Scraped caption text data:
──────────

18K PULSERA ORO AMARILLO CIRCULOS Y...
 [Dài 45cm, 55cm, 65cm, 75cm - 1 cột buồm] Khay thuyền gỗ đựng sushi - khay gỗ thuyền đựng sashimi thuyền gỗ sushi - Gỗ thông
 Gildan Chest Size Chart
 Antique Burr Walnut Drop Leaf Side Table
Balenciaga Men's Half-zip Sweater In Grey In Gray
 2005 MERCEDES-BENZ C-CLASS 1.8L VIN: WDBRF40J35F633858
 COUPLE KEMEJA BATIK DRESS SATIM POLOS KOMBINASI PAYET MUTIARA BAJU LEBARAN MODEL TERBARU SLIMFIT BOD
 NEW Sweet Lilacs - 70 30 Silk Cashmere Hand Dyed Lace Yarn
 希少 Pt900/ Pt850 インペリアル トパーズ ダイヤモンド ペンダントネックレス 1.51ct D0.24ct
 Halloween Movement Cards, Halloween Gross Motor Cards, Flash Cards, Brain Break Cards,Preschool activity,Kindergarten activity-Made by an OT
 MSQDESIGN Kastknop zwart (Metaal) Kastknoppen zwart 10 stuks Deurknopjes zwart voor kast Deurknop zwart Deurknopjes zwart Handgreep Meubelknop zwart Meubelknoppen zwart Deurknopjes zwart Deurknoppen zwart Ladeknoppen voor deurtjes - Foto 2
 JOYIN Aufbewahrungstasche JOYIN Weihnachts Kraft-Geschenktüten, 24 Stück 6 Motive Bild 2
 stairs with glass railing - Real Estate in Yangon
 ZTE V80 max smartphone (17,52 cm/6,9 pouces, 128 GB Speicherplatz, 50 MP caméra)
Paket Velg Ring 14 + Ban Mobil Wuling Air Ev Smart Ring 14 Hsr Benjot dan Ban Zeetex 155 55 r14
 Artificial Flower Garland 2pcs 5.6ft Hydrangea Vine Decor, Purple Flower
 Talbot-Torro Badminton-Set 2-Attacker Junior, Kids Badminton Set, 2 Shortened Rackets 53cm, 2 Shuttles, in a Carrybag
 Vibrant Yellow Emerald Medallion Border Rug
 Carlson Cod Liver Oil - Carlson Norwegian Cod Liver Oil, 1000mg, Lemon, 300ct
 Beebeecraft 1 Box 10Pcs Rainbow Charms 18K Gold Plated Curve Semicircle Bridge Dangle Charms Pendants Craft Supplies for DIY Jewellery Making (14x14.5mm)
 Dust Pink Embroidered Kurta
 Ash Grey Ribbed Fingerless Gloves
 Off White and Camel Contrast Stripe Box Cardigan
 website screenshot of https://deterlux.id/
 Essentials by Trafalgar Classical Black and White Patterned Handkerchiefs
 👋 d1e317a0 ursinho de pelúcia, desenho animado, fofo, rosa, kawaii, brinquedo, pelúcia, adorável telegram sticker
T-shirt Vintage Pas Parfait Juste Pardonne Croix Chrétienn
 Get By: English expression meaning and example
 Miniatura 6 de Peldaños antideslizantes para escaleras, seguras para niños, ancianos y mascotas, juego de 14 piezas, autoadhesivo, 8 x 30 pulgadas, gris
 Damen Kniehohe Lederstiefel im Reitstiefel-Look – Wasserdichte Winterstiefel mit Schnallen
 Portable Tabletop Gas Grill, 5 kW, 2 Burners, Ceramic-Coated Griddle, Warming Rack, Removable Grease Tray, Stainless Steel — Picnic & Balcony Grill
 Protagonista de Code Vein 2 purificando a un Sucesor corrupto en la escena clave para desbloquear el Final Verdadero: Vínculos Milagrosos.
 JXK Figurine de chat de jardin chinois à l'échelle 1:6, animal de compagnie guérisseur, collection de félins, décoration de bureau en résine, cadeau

──────────

• TASK DIRECTIONS: I'd like the lines above from the one with "Carlson Cod Liver" up to and including the one with "Off White and" copied exactly, with no other lines.

• ANSWER SECTION:
 Carlson Cod Liver Oil - Carlson Norwegian Cod Liver Oil, 1000mg, Lemon, 300ct
 Beebeecraft 1 Box 10Pcs Rainbow Charms 18K Gold Plated Curve Semicircle Bridge Dangle Charms Pendants Craft Supplies for DIY Jewellery Making (14x14.5mm)
 Dust Pink Embroidered Kurta
 Ash Grey Ribbed Fingerless Gloves
 Off White and Camel Contrast Stripe Box Cardigan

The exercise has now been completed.